Sur Twitter, tandis que certains font circuler la nouvelle du déploiement de la nouvelle force armée, d'autres expriment leur opposition et indiquent que la présence de ces forces ne changera rien.

Elides J Rojas L (@ejrl) commente l'échec du gouvernement dans sa lutte contre le crime :

Chávez dit que son gouvernement “bataille” contre l'insécurité / et il est en train de perdre 9 à 0

Pendant ce temps, Eudoro J. Boudewyn (@Boudewyn) s'interroge sur l'efficacité de ce corps de sécurité :

Pendant que la Guardia del Pueblo fermait les magasins de spiritueux, la pègre a assassiné  68 Vénézuéliens.

@InformadorVeraz signale plus crûment :

62 homicides à  Caracas – le week-end le plus violent de l'année Et la Guardia del Pueblo serait la solution du PUTSCHISTE  @chavezcandanga?

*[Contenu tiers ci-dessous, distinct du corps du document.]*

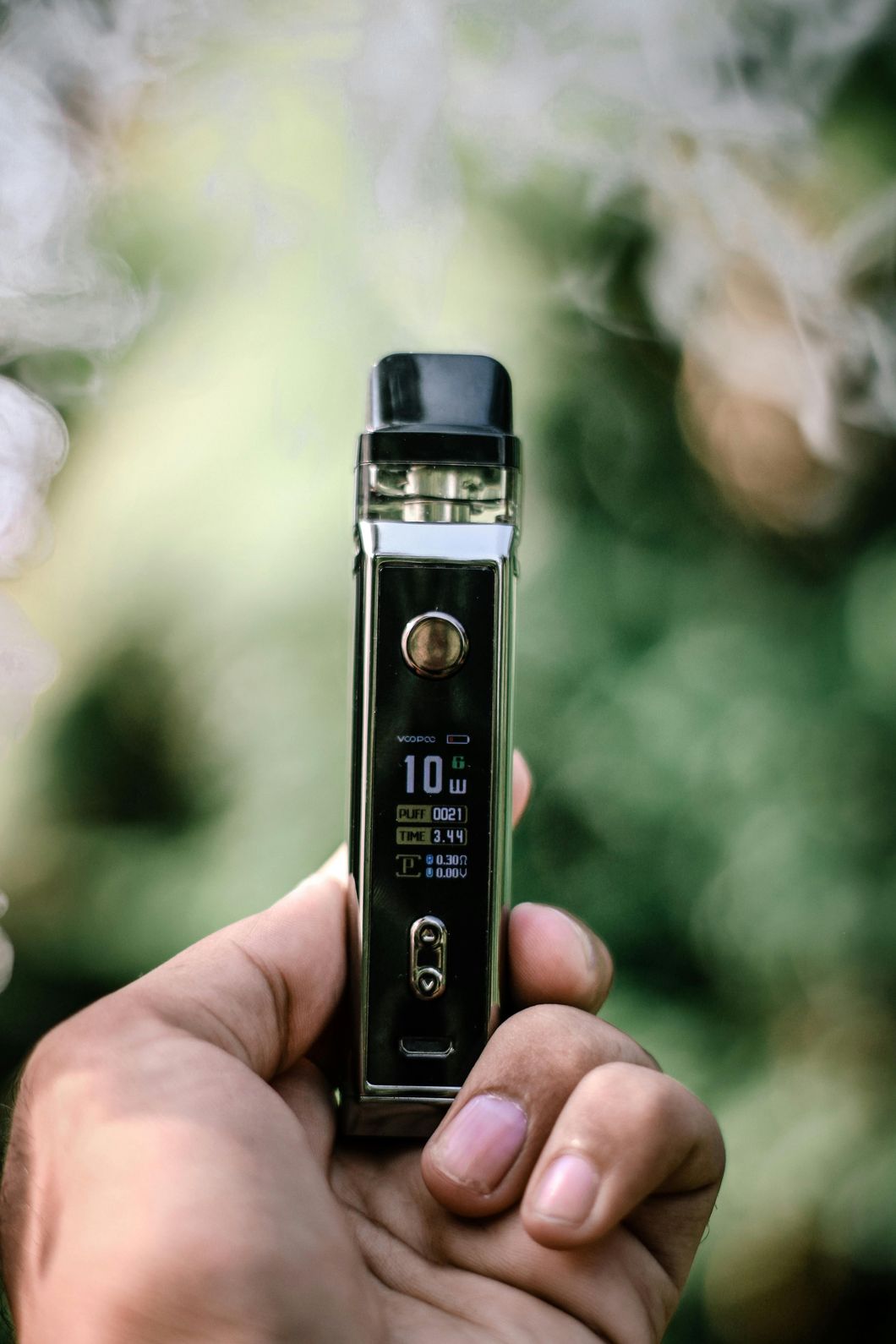 Person holding Delta 8 vape pen with colorful packaging, available at a Tulsa Delta 8 shop.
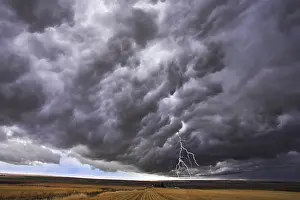 Thunderstorm Mood Photography Prints: The thundercloud and lightning above boundless plain in state of Idaho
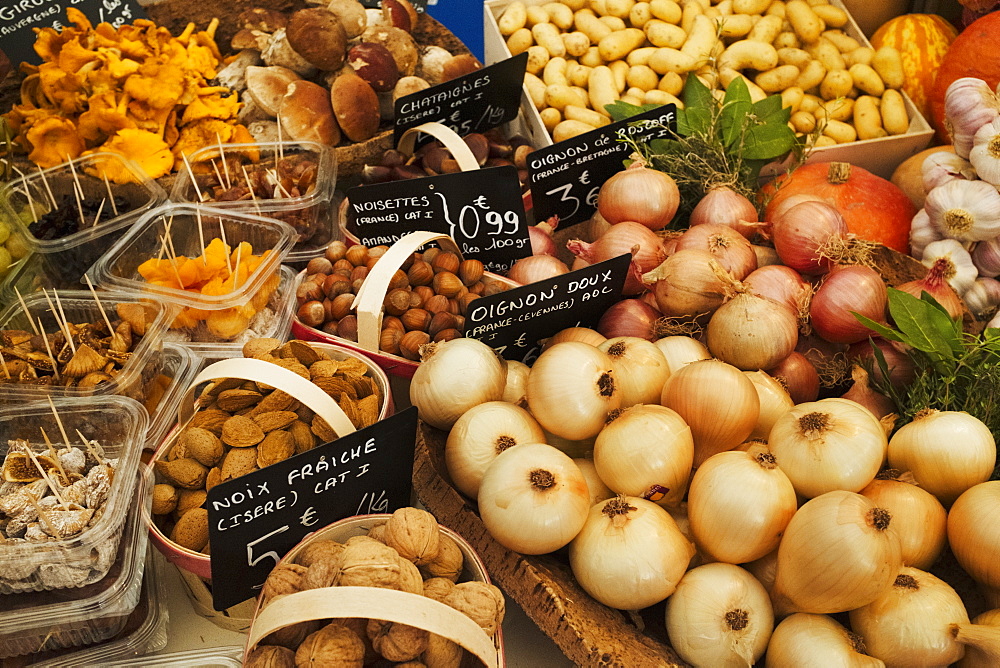 A market stall with display of fresh vegetables, onions, potatoes, walnuts and mushrooms, France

Enfin, Ramón Morales, dans son blog El Ultimátum Hiperbóreo analyse quelques-unes des causes et cherche à développer les arguments de ceux qui accusent le gouvernement d'être le principal coupable.  Dans son billet, il partage non seulement ses idées quant aux causes plus profondes qui poussent au cercle vicieux de la violence mais aussi son sentiment sur le peu de probabilité qu'il y a à ce que les mesures prises pour y répondre s'avèrent efficaces si on ne s'attaque pas aux sources de ces causes :

Cela me surprend que ceux qui sont si  doués pour critiquer ne se soient pas rendus compte de la relation qu'il y a entre les valeurs capitalistes et l'insécurité dans la rue. (…) Pourquoi un être humain est-il capable de tuer un autre être humain pour lui prendre une paire de chaussures ou un mobile ? Par matérialisme (…) Croyant en une société qui apprend que ce qui est le plus important, c'est l'argent, les vêtements de marque et de posséder des choses coûteuses, il est parfaitement prévisible alors qu'un grand nombre de sujets qui n'ont pas accès à une éducation humaniste en arrive à un comportement pré-criminel et estime qu'un objet ou l'argent a plus de valeur que la vie d'une autre personne (…) Bien qu'au Venezuela, on renforce les corps de sécurité, bien que les militaires se déploient dans la rue pour protéger les citoyens, tant que le matérialisme sera l'une de nos valeurs  et l'alcool notre compagnon de fin de semaine, les chiffres des morts violentes continueront à demeurer élevés.